## DIRECTIONS FOR THIS TASK:
Word for word, reproduce each line of the data below, omitting every image.

## STORED DATA:
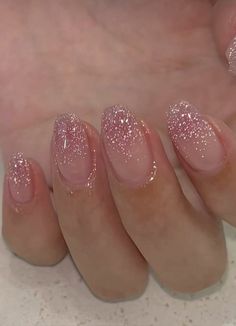 Pink Sparkle Nails, Hello Nails, Blush Nails, Cute Gel Nails, Beauty Parlor, Kawaii Nails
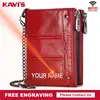 KAVIS Genuine Leather Fashion Small Women Wallets Female Ladies Coin Purse Zipper Design Pockets Mini Soft Walet Free Engraving ► Photo 1/6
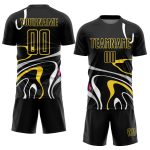 Personalized Black Gold Fluid Shapes Soccer Jersey Uniform for Sublimation Printing Personalized Black Gold Fluid Shapes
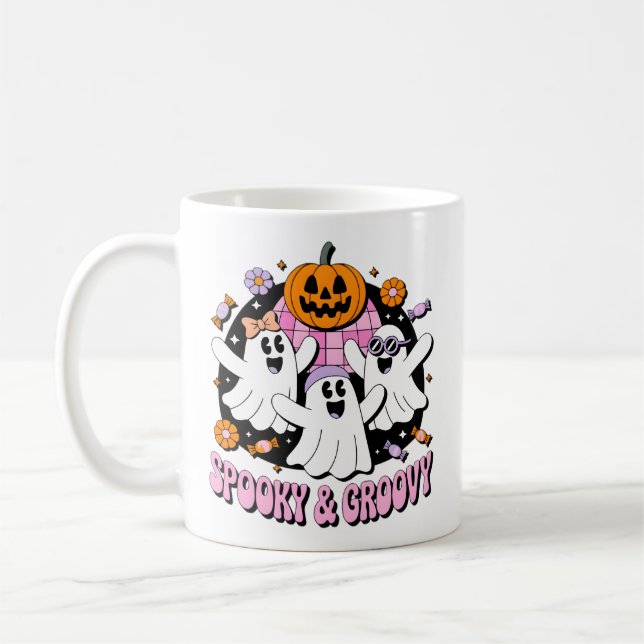 Spooky And Groovy Disco Ghosts Retro Halloween Coffee Mug (Left)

## RESULT FOR THIS TASK:
 Pink Sparkle Nails, Hello Nails, Blush Nails, Cute Gel Nails, Beauty Parlor, Kawaii Nails
 KAVIS Genuine Leather Fashion Small Women Wallets Female Ladies Coin Purse Zipper Design Pockets Mini Soft Walet Free Engraving ► Photo 1/6
 Personalized Black Gold Fluid Shapes Soccer Jersey Uniform for Sublimation Printing Personalized Black Gold Fluid Shapes
 Spooky And Groovy Disco Ghosts Retro Halloween Coffee Mug (Left)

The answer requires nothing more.